The Oostvaaredersplassen (OVP) reserve can be likened to the ‘punk rock’ of conservation – unsettling, inspiring, influential but ultimately too controversial to survive in its original form. But even as the OVP was getting off the ground, Dutch conservationists were developing a ‘second generation’ version of rewilding that blends ecology, pragmatism, entrepreneurship and compelling stories of future natural assets that could offer innovative solutions to climate change and enhance life-quality. For example, the rewilding of the River Waal reduced the risk of flooding to the city of Nijmegen, created a 20-year supply of clays and silts for the brick industry and lead to a remarkable and unexpected recovery of riverine ecosystems and species. Over a 20-year period the 3000 ha Gelderse Poort rewilding area has emerged and now supports a thriving recreational economy. This version of rewilding led to the formation of Rewilding Europe. It is the version that inspires and motivates me.
Wildlife Economy
European rewilding takes inspiration model of conservation that emerged in South Africa after the end of apartheid. President Mandela recognised that wildlife was part of the nation’s heritage but also that his administration had to attend to other pressing political priorities. He asked the private sector to help recover the country;s depleted wildlife and to enable this legis
lated that wildlife was the property of whoever’s land it was on. This led to the conversion of farms to game reserves with business models based on safari and game hunting tourism, wild meat and animal sales. Private game reserves now amount to 6-8% of South Africa and while most are fenced and the populations of large mammals managed to varying degrees, the ecosystems are functioning, full of life and have helped bring peace, jobs and prosperity to rural areas.

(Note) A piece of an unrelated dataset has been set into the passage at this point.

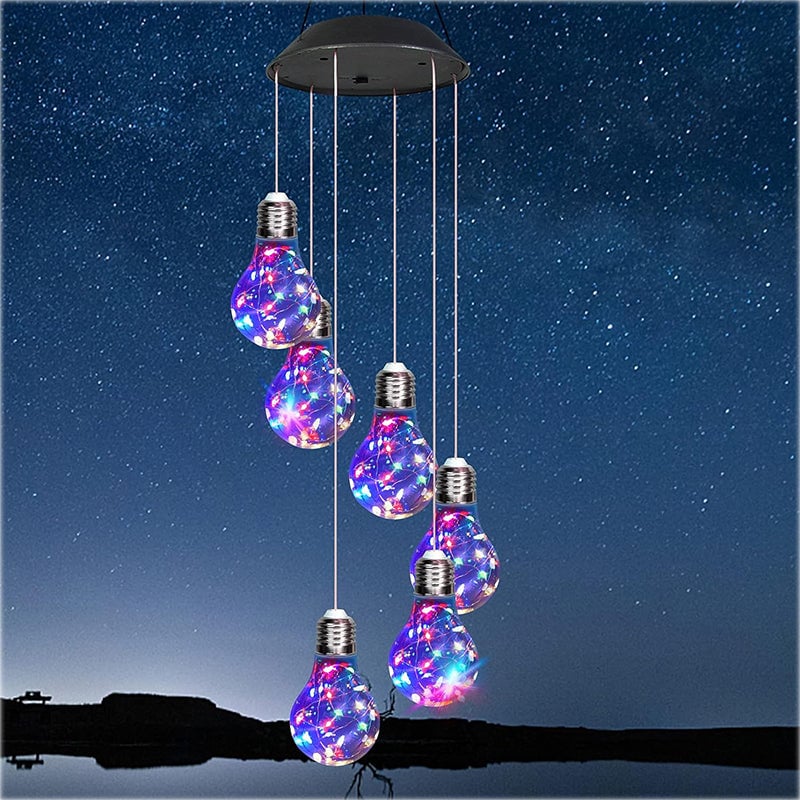 🔥2025 BEST GIFT TO FAMILY🔥Colorful LED Solar-Powered Light Bulb Wind Chimes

Experimental rewilding and natural climate solutions.
A forth version of rewilding is the large scale science experiment of which the Pleistocene Park in northeast Siberia is the most famous and audacious. I was fortunate enough to be part of a scientific team that travelled to the park in September 2019 to meet with Nikita Zimov who now leads the project started by his father Sergey in the mid-1990s. Through his research on permafrost, he realised that the sudden demise of mammoths and other mega-fauna ~10,000 years ago initiated a ‘phase shift’ from a steP grassland ecosystem to a boggy tundra system. In the absence of grazing and trampling, annual vegetation growth rapidly accumulated as frozen, carbon rich, soils. The high arctic is warming faster than anywhere else on the planet causing the permafrost to thaw and release worrying amounts of greenhouse gases. The Pleistocene Park is testing the hypothesis that grasslands can be recreated through a mix of mechanical clearing and large herbivore introductions, and if successful whether these grasslands will create colder winter conditions that reduce thawing and the release of greenhouse gases.

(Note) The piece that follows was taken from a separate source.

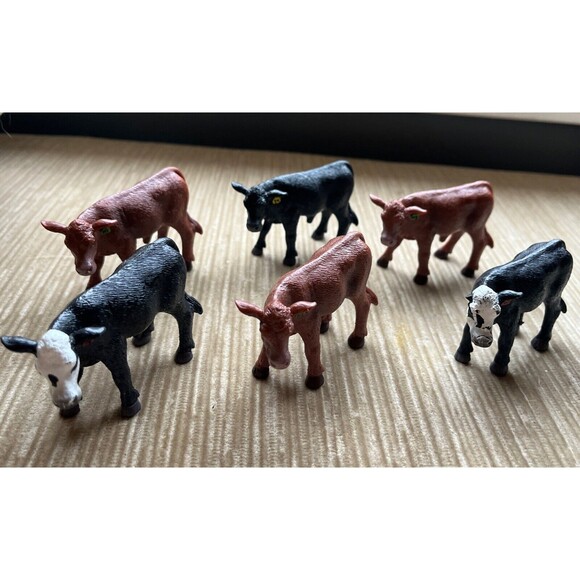 Little Busters Toys Set Of 6 Cows Lot Nice Condition Red, Green, Yellow Tags - Picture 1 of 5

As rewilding science experiments go the Pleistocene Park is without doubt the most ambitious, but experimental rewilding areas are beginning to emerge around the world is scientist seek to understand the ecological effects of restoring lost megafana and the potential of rewilding as a natural-climate solution.
Taxon substitution
This is perhaps more a rewilding technique than a rewilding model. It refers to the introduction of substitutes to fulfil the ecological role of extinct species. The approach was pioneered on the island of Ile aux Aigrettes in the Indian ocean where Aladabra giant tortoises – the world’s only surviving island megafauna – from the Seychelles were introduced to replicate the grazing of the extinct Mauritian giant tortoises. This act was controversial at the time because it represented a shift from a focus on reducing directs threats to endangered species (mostly controlling non-native species that had jumped ship) to restoring proxies of extinct ’ecosystem engineers’ that created the ‘ecospaces’ where endemic island species evolved and thrived. The notion of taxon substitution which is now widely discussed in rewilding circles captures the distinction between what is termed the ‘compositionalist’ approach to conservation (protecting and manging units of nature) with the ‘functionalist approach (restoring ecological interactions so nature can lead) that characterises rewilding.

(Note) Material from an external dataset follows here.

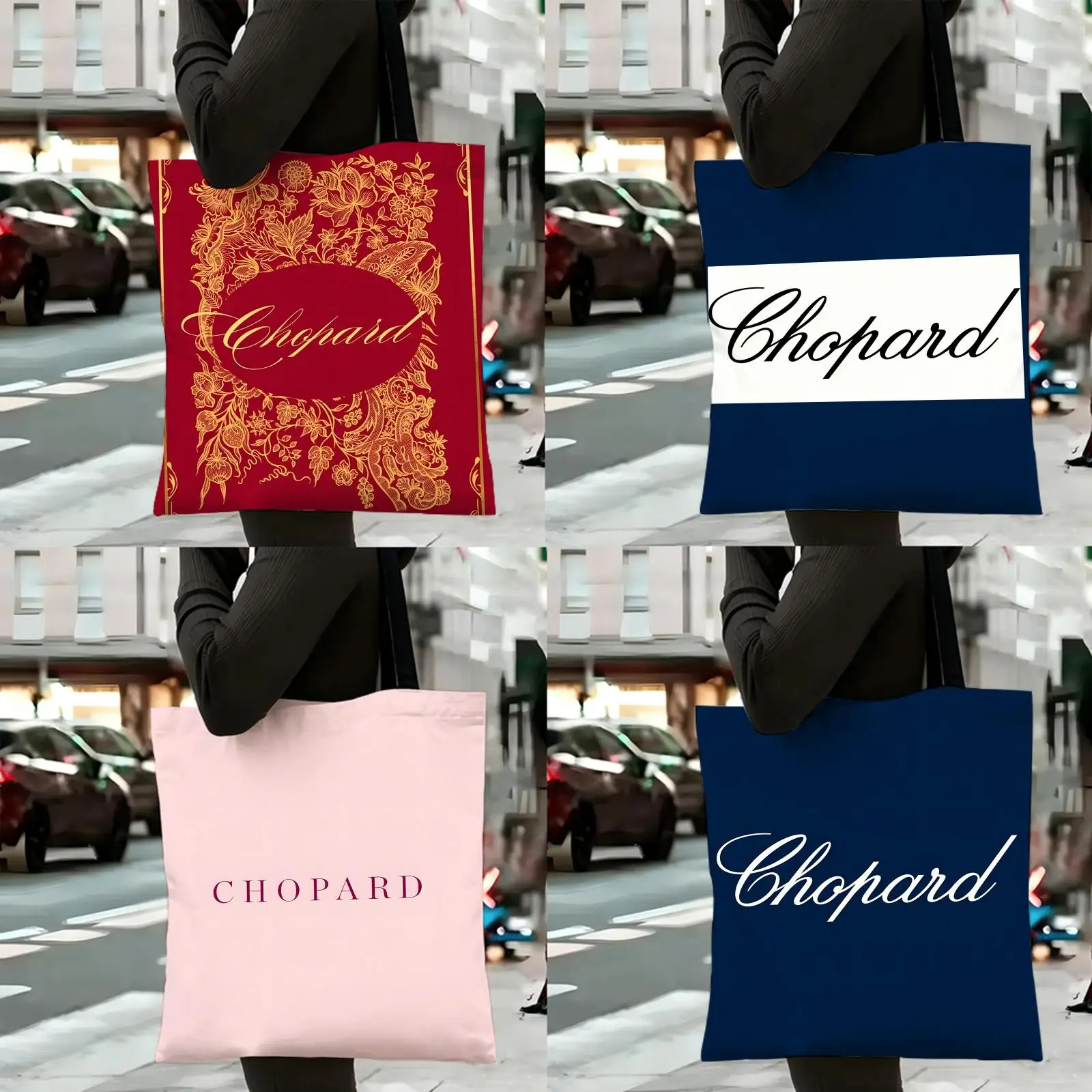 Bolsas de almacenamiento de moda C-Chopard, bolso de lona, ​​bolsa de hombro reutilizable, ecológica, ideal para yoga, oficina, viajes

Taxon substitution ideas appeal to me because they seem to align with a core value of the English premier league, namely ‘colour and background doesn’t matter, all that matters is can you play?’ In my book Rewilding: the radical new science of ecosystem recovery I predicted that in the next 10 years would see the rise of ‘extreme rewilding’ where scientists experiment with introducing nearest equivalents. For example, elephants to South American forests or cheetahs to the American prairies.
Refaunation
Reintroducing species that have become locally extinction is a well-established conservation technique. The refaunation version of rewilding extends this by actively resembling guilds of lost large mammals to restore ecosystem processes. It is similar to taxon substitution but with a focus on native species. The Ibera project in Argentina is the flagship initiative and has involved the reintroduction of giant anteater, tapir, peccary ad jaguar into private lands adjoining the Ibera national park. This rewilding resulted in the national park upping its conservation ambition.
Hybrid Ecosystems
Rewilding in Australia is super complex. Passive rewilding – simply removing agriculture and letting natural vegetation recover – could be good for biodiversity but massively increase the risk of wildfires. The continent’s marsupial megafauna is long gone, all mega-herbivores are introduced, and large predators are absent. Restoring functioning ecosystems will require ‘rewilding by design’ and the assembly of ‘hybrid ecosystems’ from a blend of native, non-native, feral and introduced taxon substitutes. This version of rewilding needs creative, yet cautious and careful thought, not least because it would involve consciously setting Australian nature on a new evolutionary trajectory.
Farm Wilding
Photo: Matt Ellery
The most recent version of rewilding and one that is capturing the public imagination in England is farm wilding. This expresses the positive pragmatic ethos of rewilding, namely ‘rewild within the constraints of what is possible’ and the recognition that when it comes to nature recovery moving up from 1-3 on a rewilding scale is just as good as moving from a starting point of 7 to 9. Farm rewilding involves relaxing or removing the agricultural infrastructure and practices that ‘forced’ ecosystems to produce commodity crops and livestock. As nature begins to ‘kick back’, natural grazing is introduced using primitive breeds of cattle, ponies and pig and new farm business models developed based on revenues from a mix of experiential recreation, premium meat, the sale of natural capital credits and/or public payments for the ecosystem services. This version is still in its infancy, but Rewilding Britain has recently launched a network of over 40 pioneering initiatives. For me, farm wilding evokes an older vogue for model farms where enlightened owners demonstrated new approaches and techniques in so doing promote public discussion and reflection on the future of agriculture.
I hope this brief, and no doubt incomplete account, of the geographies of rewilding has illustrated the variety of rewilding approaches around the world. There is a lot of flow of ideas between the different initiatives but in my view there will never be one version of rewilding. Context matters: environmental, cultural, political and scientific histories and agendas influence the way rewilding principles are expressed in space and time. A diversity of rewilding approaches offers the prospect of rich and diverse planet.